Software development team troubleshooter/auditor. What do you think?


I have an idea for a business and would like some feedback.

The other day I was thinking about software development teams and how they function, the things they do right and the things they do wrong. It struck me that there might be a market for a "development troubleshooter". The idea being that I approach companies that have development teams of 5 or more and offer to "audit" their department. I would come in and look at the whole department with a view to improving productivity and eliminating recurring errors. I guess you could call it a consulting role, but I think it is more than that.

I would target .NET development teams only, with a view to widening the scope later.
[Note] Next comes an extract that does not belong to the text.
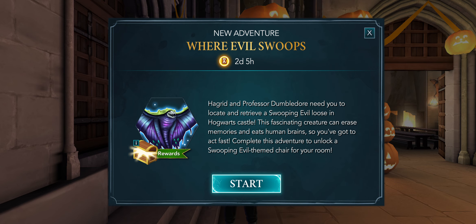Professor Dumbledore needs you to locate and retrieve a Swooping Evil loosened in Hogwarts Castle. This fascinating creature can erase memories and eats human brains, so you've got to act fast. Complete this adventure to unlock a Swooping Evil themed chair for your room. That is so cool — that sounds actually awesome!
Here is a list of areas that could be analyized:

  • Management of SourceControl.
  • Management of Defect reporting,
  • raising issues, describing defects and good practices.
  • Management of testing.
  • Management of Software builds.
  • Deployment strategies.
  • Training requirements (identify what staff could do with training).
  • Recruitment methodology (how to structure interviews and technical assessments to find the right candidate).
  • Software tools (identify what tools they could use to improve their productivity i.e. Resharper).
  • Harware configuration (does the hardware support the worker, dual monitors, fast CPU etc.)
  • Documentation (do they use UML or any design methodologies)
  • UI Design and UI standards.
  • Outsourcing pros and cons.
  • Coding standards (do they have any, what kind and do people follow it) - have a document
    ready that outlines standards. This will be given when the report is done.
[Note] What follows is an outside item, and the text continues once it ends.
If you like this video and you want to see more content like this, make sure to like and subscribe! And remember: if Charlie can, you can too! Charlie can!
The company would pick what they want me to look at and I would quote on that basis.

The end result would be a full analysis of the development team and their processes identifying what they are doing right and what they are doing wrong. This would be presented in a full colour bound report that details the work undertaken and the proposed solutions to fix the areas of concern. This might mean investing in new software, hardware, training or simply changing a particular process.

I'd just like to point out that I have 17 years commercial experience developing and leading software teams, so I am not concerned about whether I am able to do the job, just interested in what other areas I could target and any general feedback.

I wouldn't expect to be out finding business everyday, but if I could pick up a couple of clients a month it would be nice.

What do you think? Is this something that companies would pay for?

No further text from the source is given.